Le bilan chiffré des dispositifs d’aide à la création d’entreprises cumule les dysfonctionnements, Diplômés et métiers utiles, les oubliés de l’Ansej et de la Cnac

Le bilan chiffré des dispositifs d’aide à la création d’entreprises cumule les dysfonctionnements, Diplômés et métiers utiles, les oubliés de l’Ansej et de la Cnac

Qui n’a pas eu, au moins une fois, du mal à trouver un peintre, un plombier, un électricien ou encore un chauffagiste ? Les métiers utiles se font rares, et les dispositifs d’aide à la création d’entreprises ne favorisent pas leur émergence.
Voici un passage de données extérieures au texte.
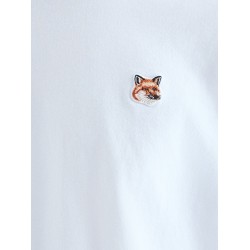 Cotton t-shirt with fox head  patch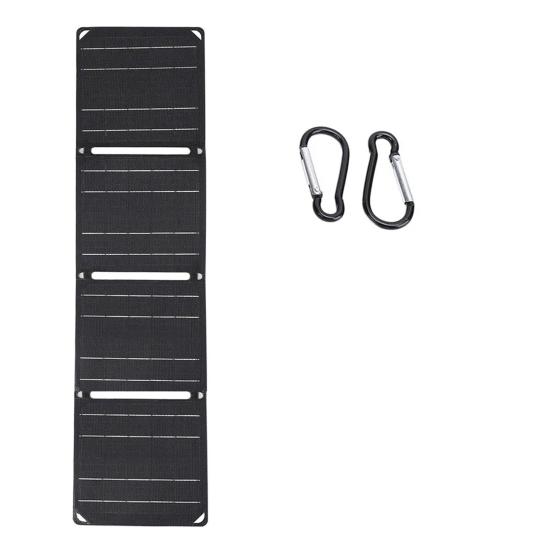 Solar Panels Charger Rate Short Circuit High Conversion Protection IP65 Waterproof Foldable Design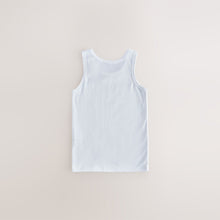 Load image into Gallery viewer, Multicolour Vests 5 Pack (2-12yrs)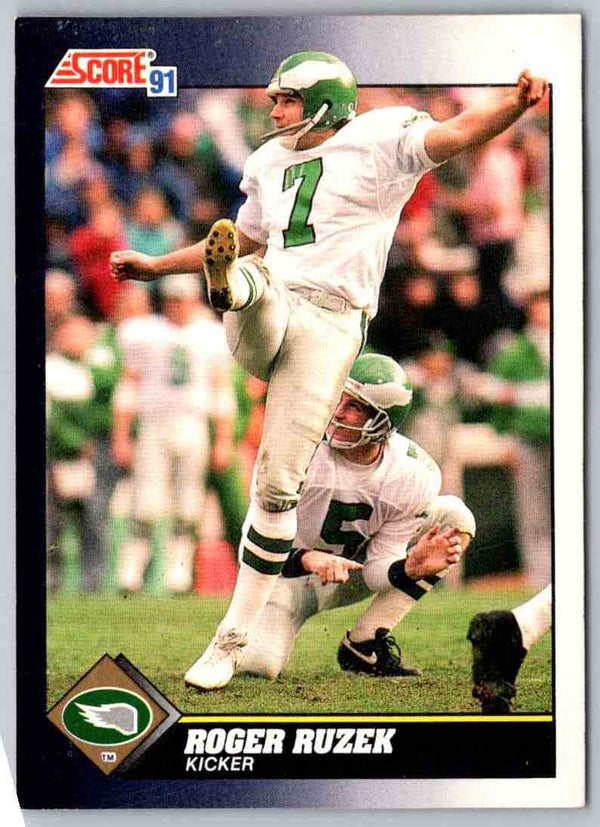1991 Score Roger Ruzek #526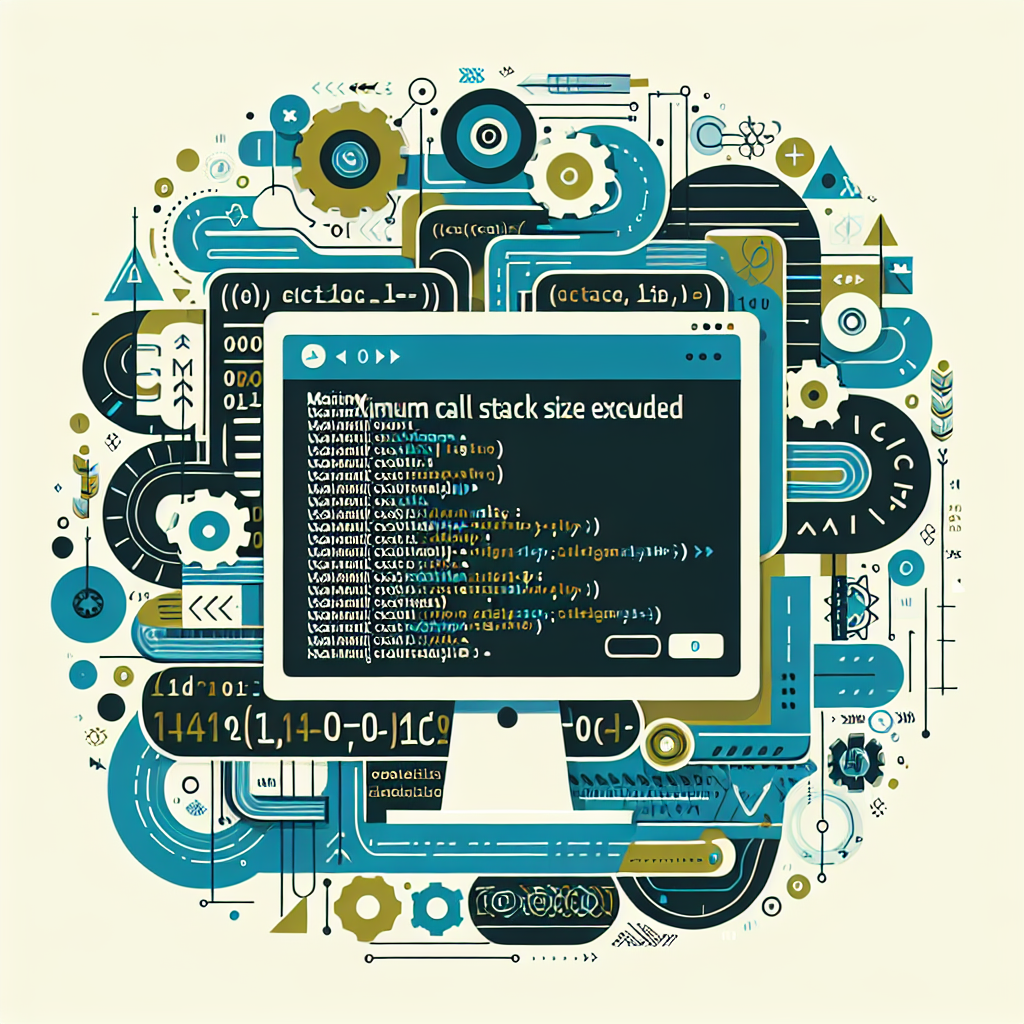 Solve Maximum Call Stack Size Exceeded Error Fast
Ce constat apparaît à la lecture des statistiques publiées par la direction générale de l’emploi et de l’insertion et à celle du bilan chiffré des réalisations de l’Ansej et de la Cnac. Pourtant, depuis le lancement de ces deux dispositifs, il y a respectivement quinze et dix ans, les années 2011 et 2012 ont été les plus prolifiques en matière de nombre de projets financés. En 2011, l’Ansej et la Cnac ont carrément doublé le nombre de projets financés par rapport à 2010, passant de 30 106 à 61 322. De même pour l’année 2012. Le chiffre a atteint 100 613 projets financés à travers le secteur bancaire. En 2011, dans une tentative de rendre les métiers utiles plus attractifs pour les demandeurs de financements, l’Etat a offert la possibilité de créer ces activités sous forme de véhicules ateliers.
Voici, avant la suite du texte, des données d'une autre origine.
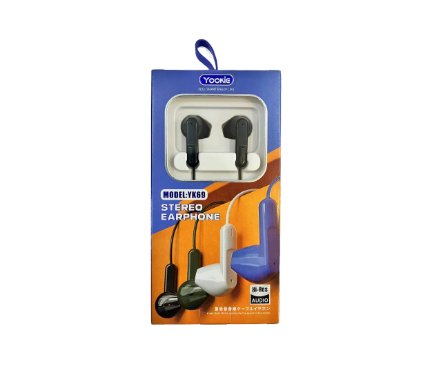 Wire Headset  Yookie  Headphone YK69 Black_Hdst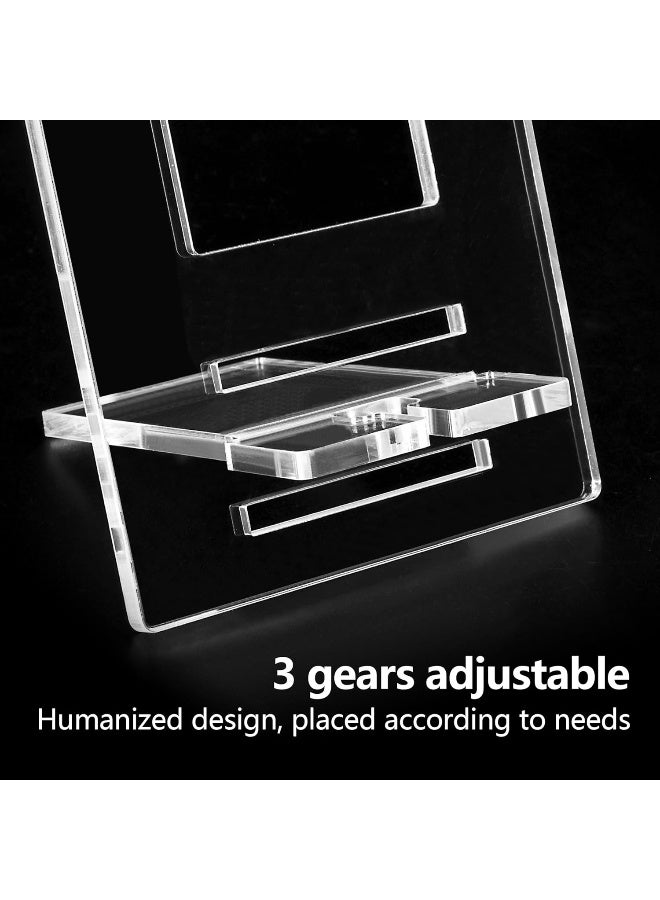 TPGP Acrylic Playing Card Display Stand 2pc - Image 4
Il s’agit d’éviter la contrainte du local en le remplaçant par un véhicule équipé pour intervenir dans des domaines tels que la plomberie, la peinture, l’électricité et d’autres métiers manuels. Mais “le véhicule atelier” n’a pas suscité l’engouement attendu. En 2011, l’Ansej et la Cnac réunis n’ont financé, à l’échelle nationale, que 2 projets de peinture en bâtiment, seulement 9 l’année d’après et uniquement 12 projets en 2013. C’en est d’ailleurs le cas pour tous les métiers utiles. Toujours en 2011, seulement 4 projets financés dans le domaine du chauffage et de la climatisation, 14 en électricité bâtiment, 66 dans la plomberie et zéro dans la vitrerie.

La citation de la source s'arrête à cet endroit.